Warnings from London Mayor Sadiq Khan put further downside pressure on the Pound (GBP), as he reiterated the likely negative impact that a ‘no deal’ Brexit could have on the economy.
As the Bank of England’s (BoE) latest Credit Conditions survey pointed towards a decrease in the availability of unsecured credit this sparked some additional concern over the domestic outlook.
With consumers already showing some signs of reining in spending in response to the ongoing wage squeeze, and as high levels of spending have helped to support the UK economy in recent months, the Pound consequently trended lower.

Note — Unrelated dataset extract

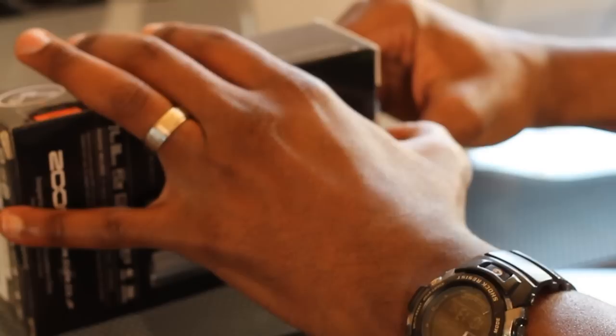The Zoom H1 handy recorder is pretty awesome. This thing is really good. It's a USB mic that's pretty much designed to capture a lot of depth and clarity, which you can kind of hear. It's a lot better than my Blue Yeti, that's for sure.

EUR/GBP Exchange Rate Volatility Forecast on UK Inflation Data
The EUR/GBP exchange rate may struggle to hold onto its gains for long, however, as market focus turns towards Tuesday’s UK consumer price index data.
If inflationary pressure eases back to 3% on the year as forecast this could offer some degree of reassurance for squeezed consumers and the health of the wider UK economy.
However, such a result is also likely to diminish the odds of the BoE raising interest rates again in the coming months, with inflation moving back towards its target range.
An upside surprise, on the other hand, could force the BoE’s hand and prompt policymakers to consider tightening monetary policy further in order to properly curb price pressures.
Euro (EUR) Gains Possible as Forecasts Point Towards Widened Eurozone Trade Surplus
More positive data is forecast for the Eurozone next week, offering the EUR/GBP exchange rate more potential support.
Forecasts point towards a fresh widening of the Eurozone trade surplus from 18.9 billion to 28.2 billion in November, signalling the continued strength of the currency union’s economy.
Even so, this may not be enough to keep EUR exchange rates on a bullish footing, as investors have shown some indifference towards the strength of domestic data in recent days.
If the figure falls short of forecast, meanwhile, this could weigh heavily on the EUR/GBP exchange rate at the start of the week.